The Parker “51” was the single most successful fountain pen in the history of … well … fountain pens! It stands to reason then that throughout the time they were made other companies tried to copy some of the design or, in the case of Russian & Chinese pen companies, just blatantly copy the whole design in its entirity, using cheaper materials, and hide behind laws in their countries that allowed copyright theft.
All of the following pens are modern Chinese clones of the Parker 51 or the Parker 61, though the 61 clones are basically the same pen as the 51 with a silver or gold arrow on the pen body pointing to the nib so that you can orient it quickly and easily – they don’t have the body design of the original 61. While on the subject of the nibs, of course they’re just made out of steel, not the gold of the Parker originals.
One thing to remember is that the brand WingSung/YongSheng is owned and licenced by the Shanghai Hero Pen Company whose main brand is Hero so you often see the 3 names used interchangably for pens with the same product code. They will be the same thing. Jinhao is owned by the Shanghai Qiangu Stationery Company and so is an independent company.
Hero (英雄) , 329, 330
The Hero 329 is one of the oldest and most popular of the Chinese pens and there are plenty of “vintage” models on the market from the 1980s & 90s in excellent condition. They have a reputation of being one of the best quality Chinese brands and are reputed to write well.
They have plastic cap liners so the nib won’t dry up and a 4-finger clutch so the recapping action is very smooth. This model has a similar clip to the Parker VS, so not the arrow clip of the Parker 51. They also employ the Aerometric filler system of the later 51s.
I don’t have the Hero 100 as it’s one of the oldest models and vintage pens now sell for astonomic prices – over £100! There is a modern version but it also sells for upwards of £65 direct from China. They seem to be very well respected though so I’d like to get one soon.

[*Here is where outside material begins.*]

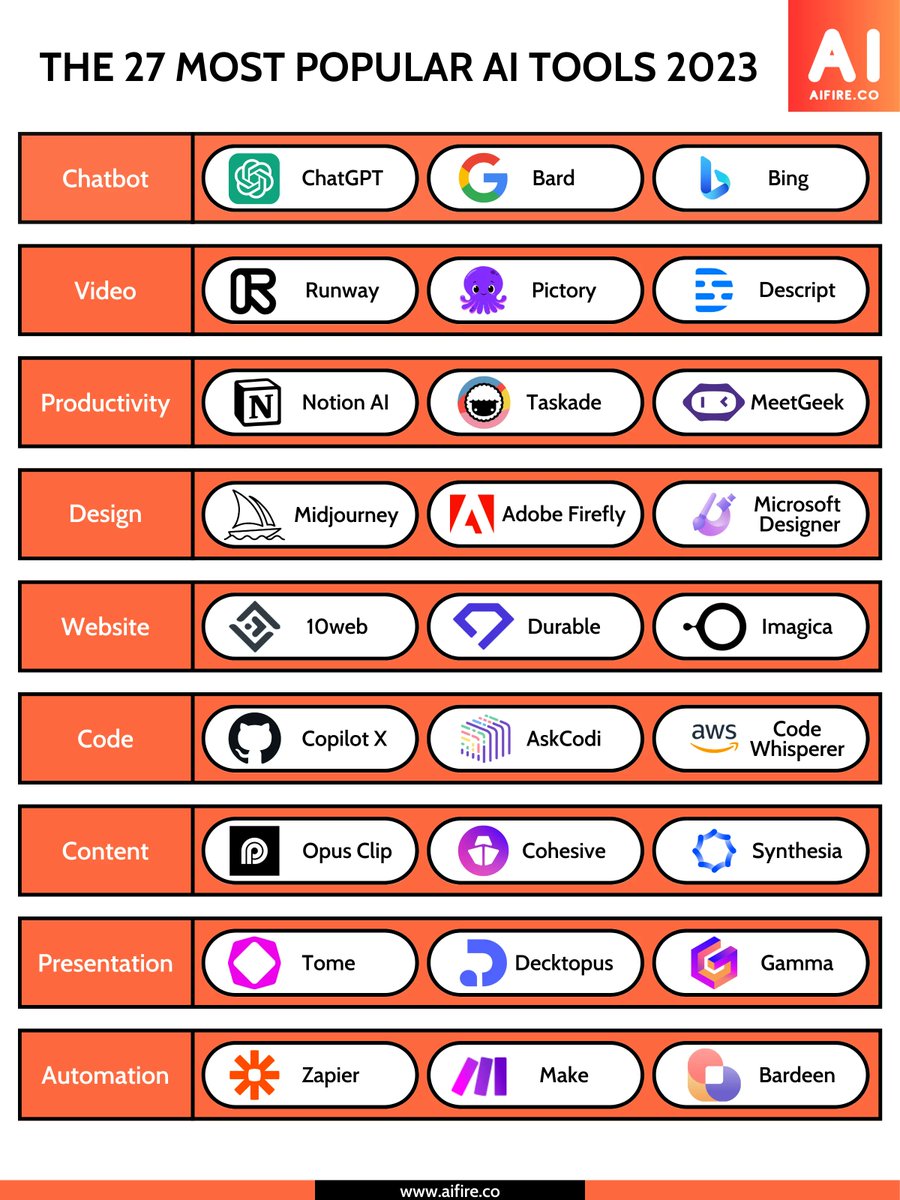 HuzaifaDigital's tweet photo. 🔮 Unleash Your Inner AI Wizard! ✨ Discover the Magic of Free AI Tools that Make the Complex, Simple.🧙‍♂️🤖 #AIAdventures #FreeAI #aitools #artificialintelligence #freeai #aiforeveryone #aieducation #aiforbusiness #airesearch #aistartups #aijobs #aichatbots #AImarketing #aidesign https://t.co/naxq6915FH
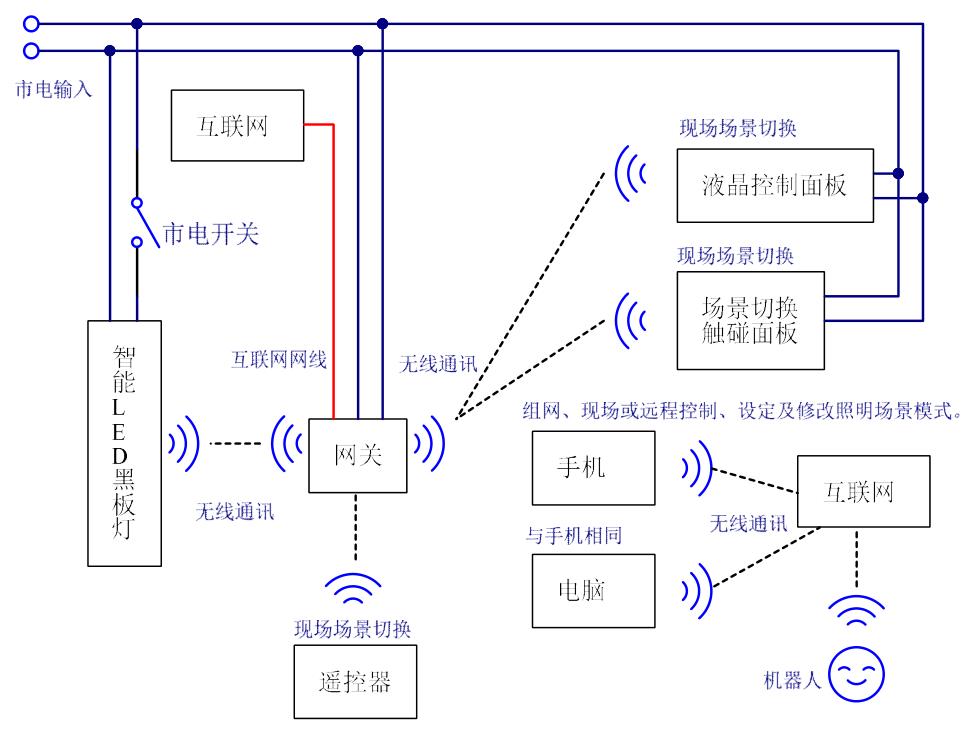 圖片關鍵詞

Wingsung / YongSheng (永生) 601 / 618
These are my favourite because they have a modern copy of the Vacumatic filler – there are even some lovely demonstrator versions too, which show off the ink & filling mechanism really well – vintage demonstrator Parker 51s would probably set you back £1000s and wouldn’t look as nice as the modern ones. They have an old-style cap clutch and plastic cap liner so they don’t dry up. They write beautifully and are lovely to use. They might not be as butter smooth writers as the gold-nibbed Parkers but they are at least as good as the steel nibbed Parker 21 & 45.
These are actually the least like a Parker than any of the others but they are an interesting variant and they are clearly “paying homage” to the Parker 51/61, with the hooded nib, gold arrow on the nose and the pastel colour scheme. But they differ by being fatter, having a flattened barrel end and having a converter filling system.
These come in a variety of colours and have a transparent ink window instead of a metal ring in the barrel and they come with the Aerometric filler system. Some have the Parker 61 nose arrow. The caps have plastic liners and old-style clutches but the recapping action is a bit scratchy on a few of mine, making them feel cheap. But they write well and come with standard EF & F nibs. They even have a smaller Demi version for people with smaller hands.
This is a bit of an outlier in that it’s a copy of the modern, rereleased (2020/21) Parker 51 with the screw cap & cartridge converter. They look very nice but I haven’t writen with any of mine yet so I can’t say how they write but I would suspect that they write as well as the Parkers with steel nibs.
This is another in the mould of the Jinhao 85 but they have steel caps – it seems a bit odd to have a different model number for a different cap colour but in all other features they are the same.